## Pictures with short captions

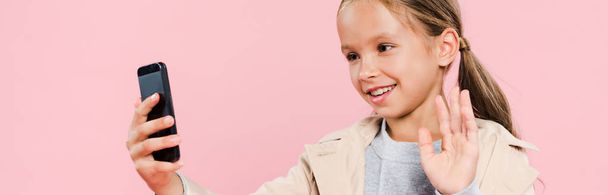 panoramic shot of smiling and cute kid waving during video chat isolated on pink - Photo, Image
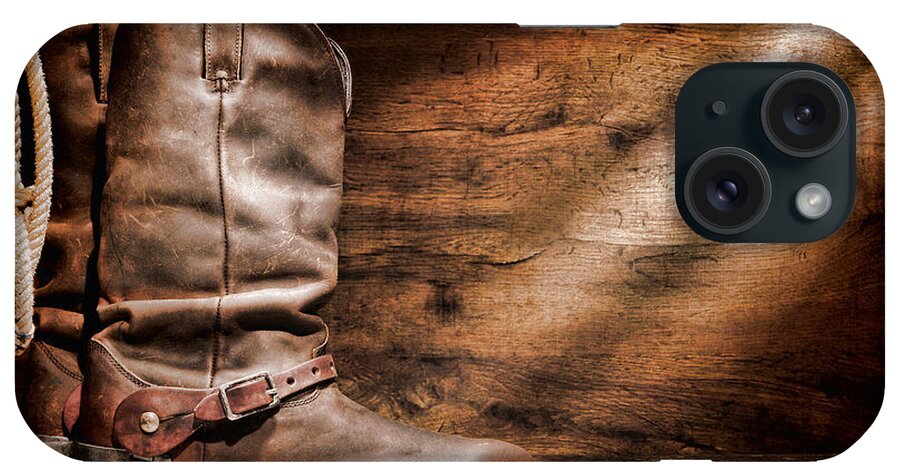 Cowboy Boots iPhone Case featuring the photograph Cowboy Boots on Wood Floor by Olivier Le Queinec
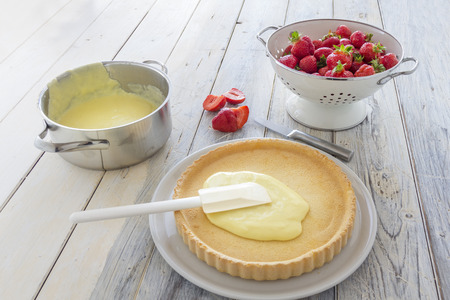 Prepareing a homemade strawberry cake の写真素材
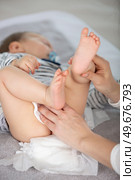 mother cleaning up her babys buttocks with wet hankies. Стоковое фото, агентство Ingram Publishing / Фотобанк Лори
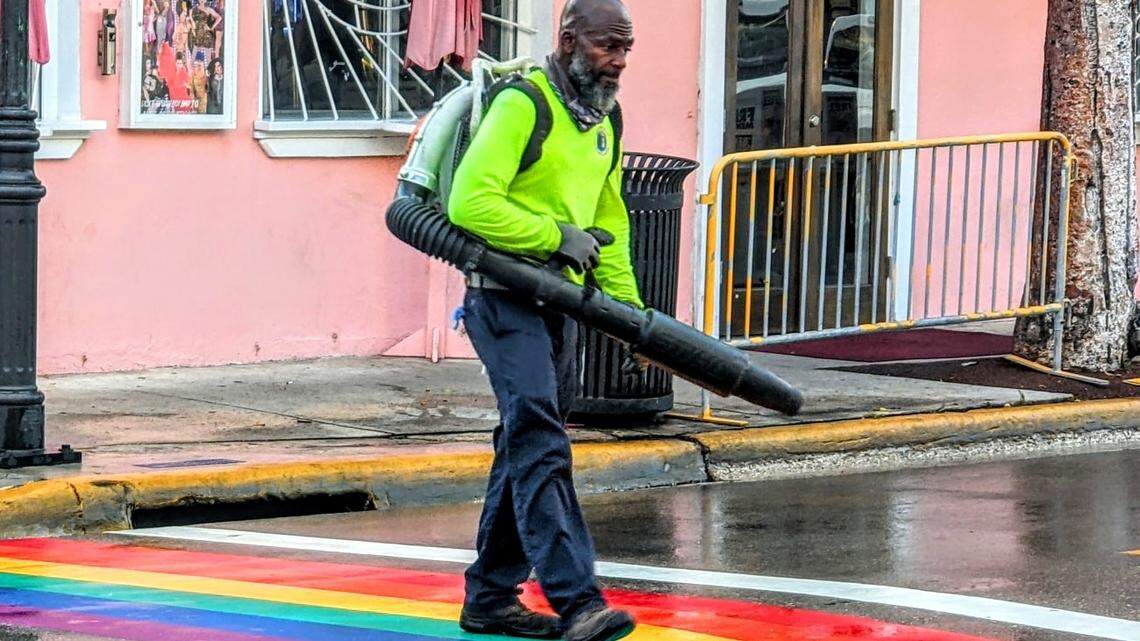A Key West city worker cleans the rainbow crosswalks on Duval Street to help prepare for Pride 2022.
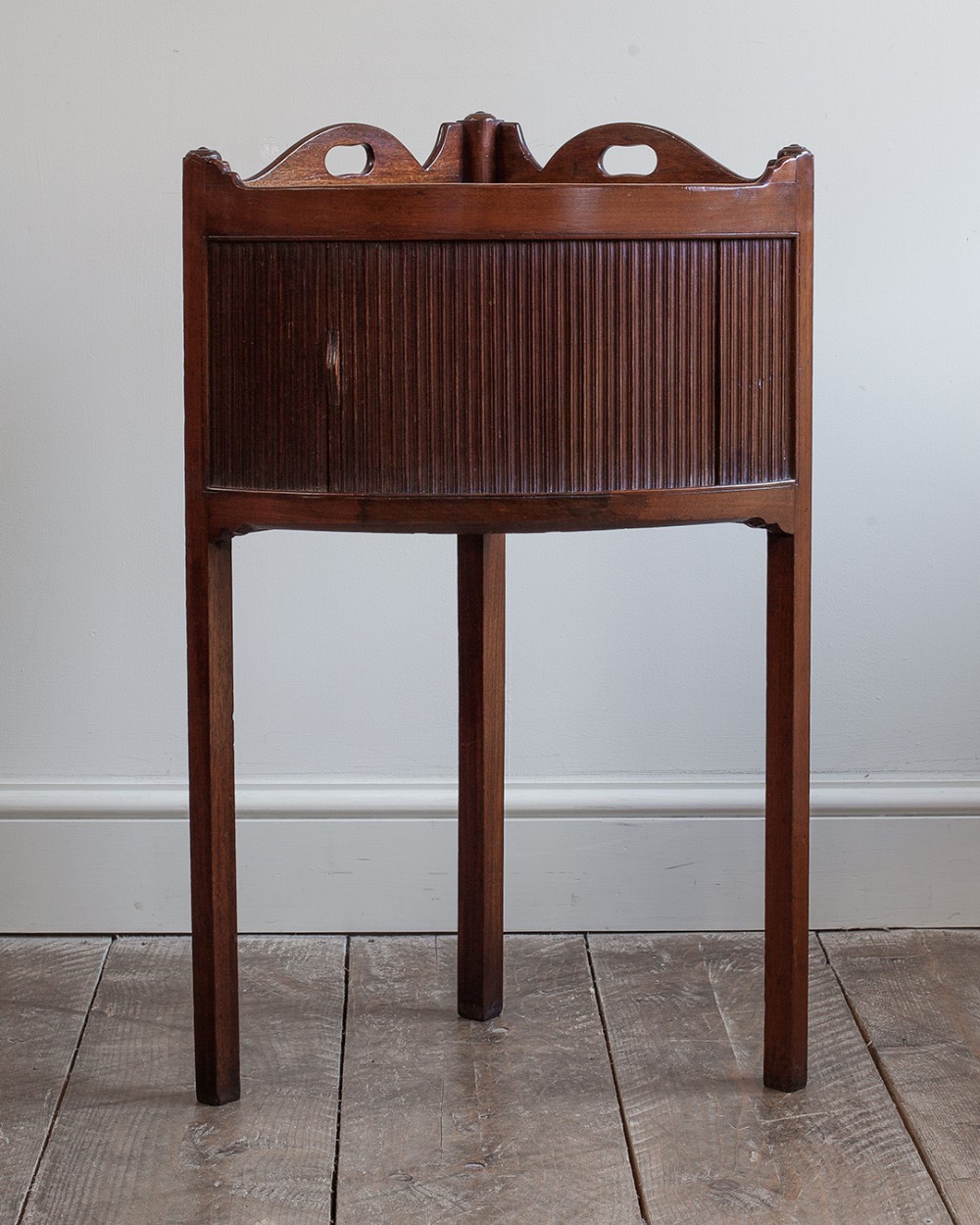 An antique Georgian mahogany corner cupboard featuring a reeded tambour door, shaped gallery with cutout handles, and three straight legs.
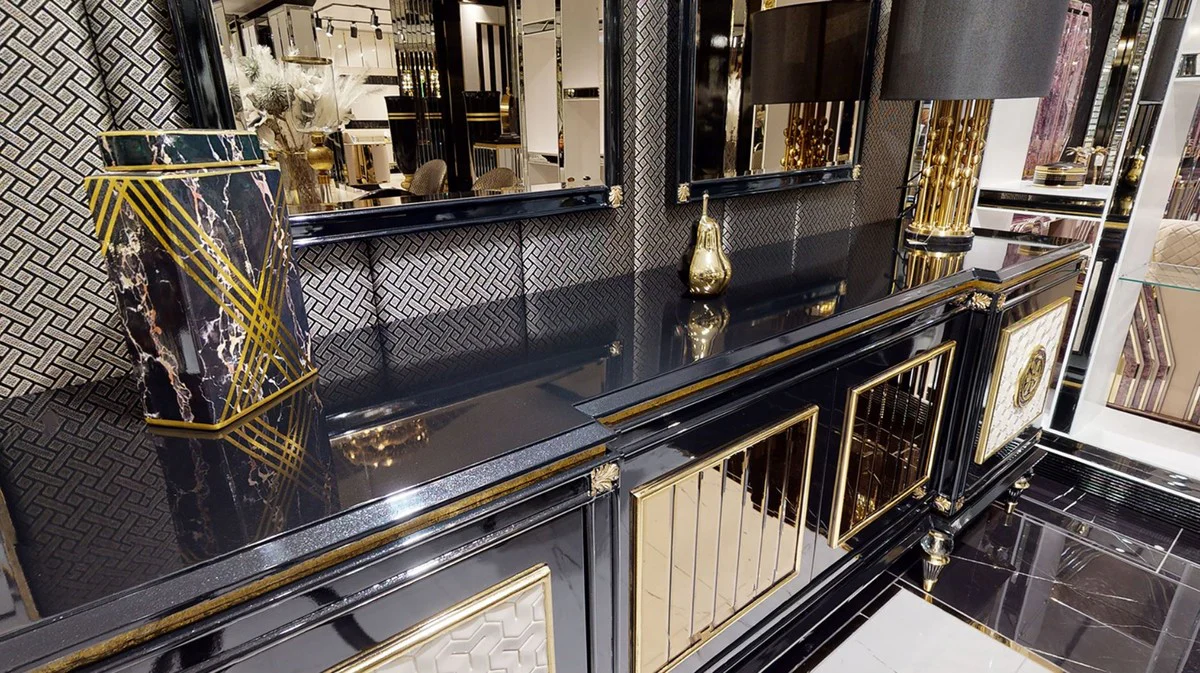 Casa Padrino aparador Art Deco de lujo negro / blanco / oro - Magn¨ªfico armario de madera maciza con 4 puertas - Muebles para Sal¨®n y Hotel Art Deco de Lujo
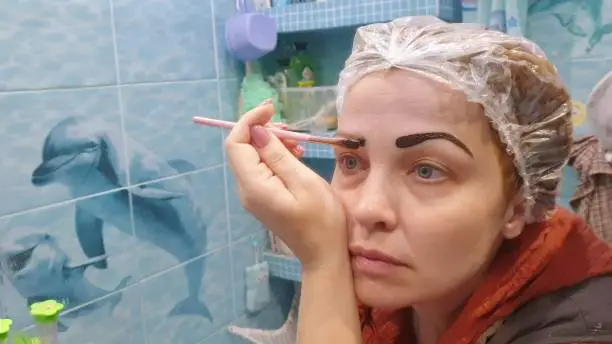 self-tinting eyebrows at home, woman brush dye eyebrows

## AIM OF THE EXERCISE
Copy the entries above verbatim. Pictures do not belong in the copy.

## PROBLEM SOLUTION
 panoramic shot of smiling and cute kid waving during video chat isolated on pink - Photo, Image
 Cowboy Boots iPhone Case featuring the photograph Cowboy Boots on Wood Floor by Olivier Le Queinec
 Prepareing a homemade strawberry cake の写真素材
 mother cleaning up her babys buttocks with wet hankies. Стоковое фото, агентство Ingram Publishing / Фотобанк Лори
A Key West city worker cleans the rainbow crosswalks on Duval Street to help prepare for Pride 2022.
 An antique Georgian mahogany corner cupboard featuring a reeded tambour door, shaped gallery with cutout handles, and three straight legs.
 Casa Padrino aparador Art Deco de lujo negro / blanco / oro - Magn¨ªfico armario de madera maciza con 4 puertas - Muebles para Sal¨®n y Hotel Art Deco de Lujo
 self-tinting eyebrows at home, woman brush dye eyebrows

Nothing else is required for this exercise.